I initially agreed with George Osborne’s proposal today to remove child benefits from those who earn more than about £44000 per year. Whatever people believe, these are amongst the highest earners in our society. Only something like 15% earn £44000 a year or more, so this isn’t really affecting the middle income group (although the fact that only 15% earn more than £44000 pa is slightly disturbing). At the moment, a family with 2 children will get something like £33 a week, so a total of about £1700 a year. However, having read a little more, I am slightly concerned about how this is going to be implemented.

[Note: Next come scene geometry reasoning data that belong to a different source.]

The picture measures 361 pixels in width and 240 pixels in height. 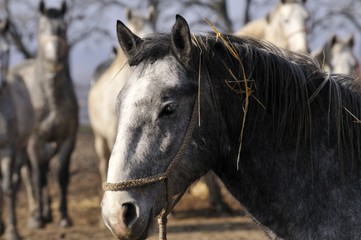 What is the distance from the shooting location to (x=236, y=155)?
10.4ft

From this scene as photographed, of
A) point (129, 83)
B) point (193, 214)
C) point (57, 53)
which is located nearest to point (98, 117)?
point (57, 53)

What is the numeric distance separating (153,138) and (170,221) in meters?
7.40

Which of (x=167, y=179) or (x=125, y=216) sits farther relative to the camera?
(x=167, y=179)

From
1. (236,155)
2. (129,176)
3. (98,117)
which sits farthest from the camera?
(98,117)

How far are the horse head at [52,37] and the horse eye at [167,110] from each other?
7.30 meters

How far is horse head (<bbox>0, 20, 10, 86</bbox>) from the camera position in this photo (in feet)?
29.1

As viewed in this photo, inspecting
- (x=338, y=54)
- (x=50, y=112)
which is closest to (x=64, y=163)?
(x=50, y=112)

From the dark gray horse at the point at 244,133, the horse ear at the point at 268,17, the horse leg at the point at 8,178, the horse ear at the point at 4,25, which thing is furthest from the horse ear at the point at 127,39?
the horse ear at the point at 4,25

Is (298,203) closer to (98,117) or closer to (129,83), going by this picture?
(129,83)

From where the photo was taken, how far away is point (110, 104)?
935cm

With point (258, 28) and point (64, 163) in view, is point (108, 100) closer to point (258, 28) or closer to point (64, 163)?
point (64, 163)

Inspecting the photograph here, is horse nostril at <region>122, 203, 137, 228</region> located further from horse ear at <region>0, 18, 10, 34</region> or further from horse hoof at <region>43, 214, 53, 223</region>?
horse hoof at <region>43, 214, 53, 223</region>

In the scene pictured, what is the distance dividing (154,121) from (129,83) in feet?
0.81

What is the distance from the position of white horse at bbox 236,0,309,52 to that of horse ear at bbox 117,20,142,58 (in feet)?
18.4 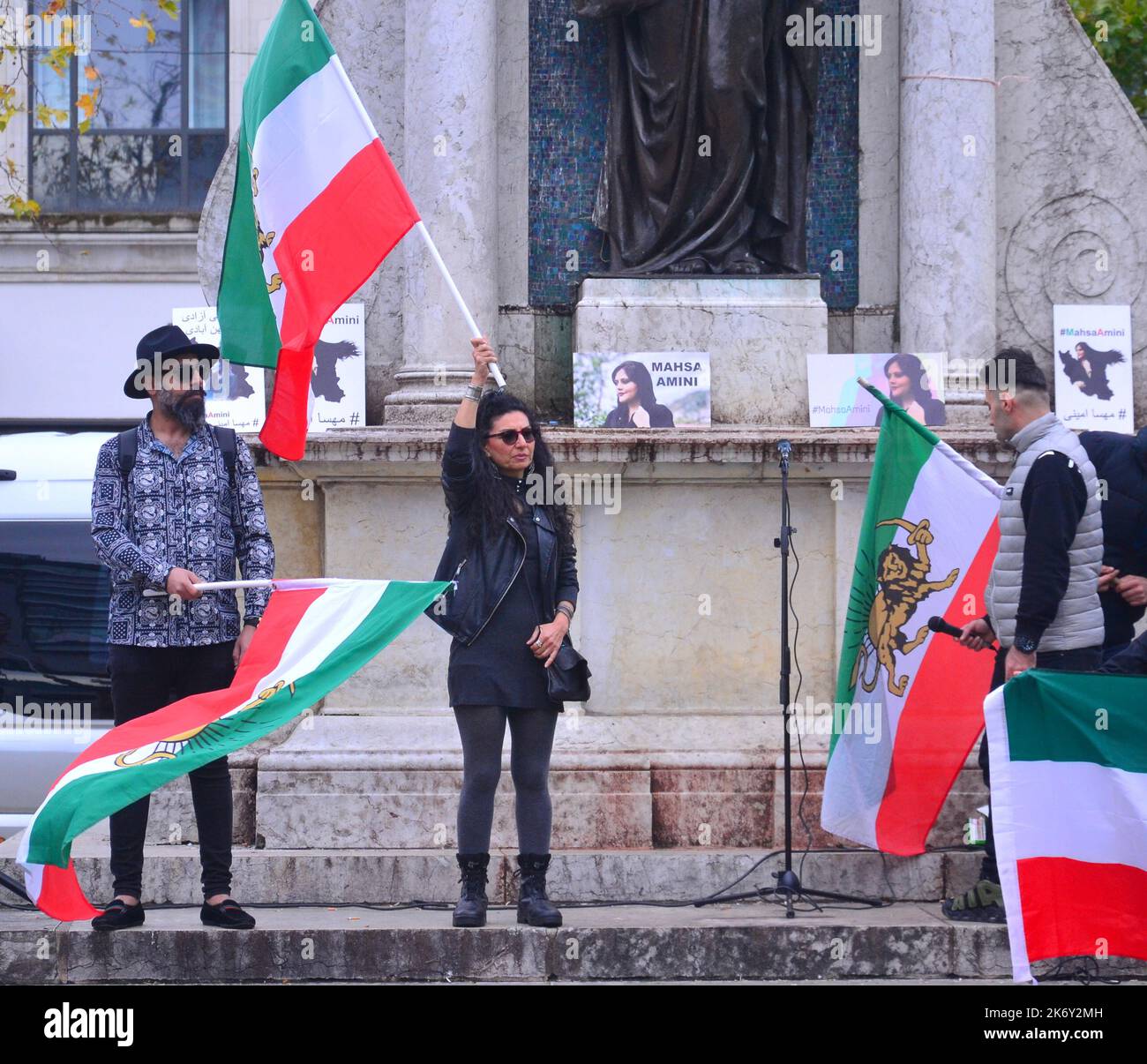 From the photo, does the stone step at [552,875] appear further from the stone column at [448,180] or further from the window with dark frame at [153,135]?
the window with dark frame at [153,135]

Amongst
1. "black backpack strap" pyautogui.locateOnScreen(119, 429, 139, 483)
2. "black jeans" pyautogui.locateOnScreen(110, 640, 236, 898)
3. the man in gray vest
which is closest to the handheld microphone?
the man in gray vest

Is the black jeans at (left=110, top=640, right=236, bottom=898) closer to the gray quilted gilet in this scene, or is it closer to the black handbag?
the black handbag

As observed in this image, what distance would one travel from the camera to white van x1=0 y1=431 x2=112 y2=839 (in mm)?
9531

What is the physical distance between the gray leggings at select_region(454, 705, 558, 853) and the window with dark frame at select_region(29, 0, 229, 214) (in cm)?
1759

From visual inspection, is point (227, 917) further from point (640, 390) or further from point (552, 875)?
point (640, 390)

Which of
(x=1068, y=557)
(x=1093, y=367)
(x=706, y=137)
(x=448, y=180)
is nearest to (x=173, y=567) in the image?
(x=448, y=180)

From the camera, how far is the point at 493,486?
24.6 feet

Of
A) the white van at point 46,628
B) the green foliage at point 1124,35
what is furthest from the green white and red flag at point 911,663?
the green foliage at point 1124,35

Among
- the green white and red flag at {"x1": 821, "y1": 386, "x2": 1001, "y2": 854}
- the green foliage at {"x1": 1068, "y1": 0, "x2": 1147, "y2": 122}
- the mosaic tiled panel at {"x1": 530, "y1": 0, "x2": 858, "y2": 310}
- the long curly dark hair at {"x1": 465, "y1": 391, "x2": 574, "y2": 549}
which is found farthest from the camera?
the green foliage at {"x1": 1068, "y1": 0, "x2": 1147, "y2": 122}

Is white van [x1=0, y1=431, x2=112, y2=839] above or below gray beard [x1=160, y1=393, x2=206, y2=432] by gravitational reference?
below

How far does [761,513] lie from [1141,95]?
13.5 m

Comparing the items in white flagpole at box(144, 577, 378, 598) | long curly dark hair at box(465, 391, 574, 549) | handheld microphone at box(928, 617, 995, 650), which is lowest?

Firstly it seems like it might not be determined by the household income, but by whether or not one of the parents (or guardians) earns more than £44000 per year. Potentially a single person household with an income of £44000 pa could lose child benefits while a household with two earning £43000 each could retain its child benefit. What is more, it is quite likely that this will be implemented in the form of an on-off switch. If you earn £44000 pa or more you get no child benefit. If you earn £43999 or less you get full child benefit. At the boundary there will therefore be people who earn less but effectively take home more. I still don’t understand why, in this age of computing and IT, we can’t have a system that ensure no one earning less than someone else can end up with more because of some kind of benefit (in fact there seem to be a number of examples of this type of thing in the UK – makes the system simple but not very fair).

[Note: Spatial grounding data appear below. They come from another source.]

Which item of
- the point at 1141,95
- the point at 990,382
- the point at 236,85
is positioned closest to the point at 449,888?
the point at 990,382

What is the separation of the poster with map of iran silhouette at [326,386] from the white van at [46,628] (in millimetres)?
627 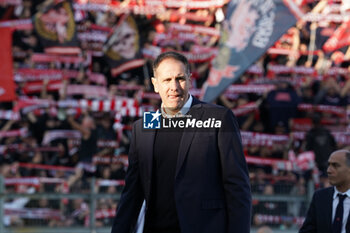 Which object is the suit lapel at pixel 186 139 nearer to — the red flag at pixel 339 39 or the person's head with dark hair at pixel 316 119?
the person's head with dark hair at pixel 316 119

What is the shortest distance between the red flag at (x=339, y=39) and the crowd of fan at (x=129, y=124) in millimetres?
177

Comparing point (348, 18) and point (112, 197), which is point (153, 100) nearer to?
point (112, 197)

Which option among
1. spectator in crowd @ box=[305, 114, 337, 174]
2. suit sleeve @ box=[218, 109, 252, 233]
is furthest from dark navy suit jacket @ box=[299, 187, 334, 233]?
spectator in crowd @ box=[305, 114, 337, 174]

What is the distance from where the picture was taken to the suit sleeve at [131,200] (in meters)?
4.24

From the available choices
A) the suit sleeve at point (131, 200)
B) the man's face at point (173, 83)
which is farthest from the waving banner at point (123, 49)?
the man's face at point (173, 83)

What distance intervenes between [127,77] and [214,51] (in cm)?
159

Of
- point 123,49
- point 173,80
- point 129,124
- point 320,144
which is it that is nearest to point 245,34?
point 320,144

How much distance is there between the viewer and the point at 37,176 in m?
10.9

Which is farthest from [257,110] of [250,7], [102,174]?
[102,174]

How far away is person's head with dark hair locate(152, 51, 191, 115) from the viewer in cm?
391

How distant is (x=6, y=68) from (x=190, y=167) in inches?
334

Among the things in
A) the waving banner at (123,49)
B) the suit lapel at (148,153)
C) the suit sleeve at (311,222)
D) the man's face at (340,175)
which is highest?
the waving banner at (123,49)

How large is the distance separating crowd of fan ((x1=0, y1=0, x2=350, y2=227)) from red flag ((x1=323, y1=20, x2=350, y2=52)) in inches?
7.0

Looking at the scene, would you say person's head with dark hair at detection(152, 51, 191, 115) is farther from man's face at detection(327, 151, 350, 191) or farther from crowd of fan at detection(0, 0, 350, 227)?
crowd of fan at detection(0, 0, 350, 227)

Although the above suggests that it might not be implemented in a manner that would be regarded as fair, what has possibly changed my opinion is something a little subtler. Even in the US, you get a tax deduction for every child irrespective of income. Even though we are talking about the higher earners and, for some, losing £1700 a year may not mean much (I suspect that this isn’t true for those earning close to £44000 pa) it just feels slightly wrong that there will be some families with children who will get no benefit compared to other equivalent families who either don’t have children or whose children are now adults. I know it is a small amount of money for the highest earners and they clearly wouldn’t base their decision to have children on whether or not they can get a £1700 benefit per year. It just feels like it says something rather negative about what we value in our society.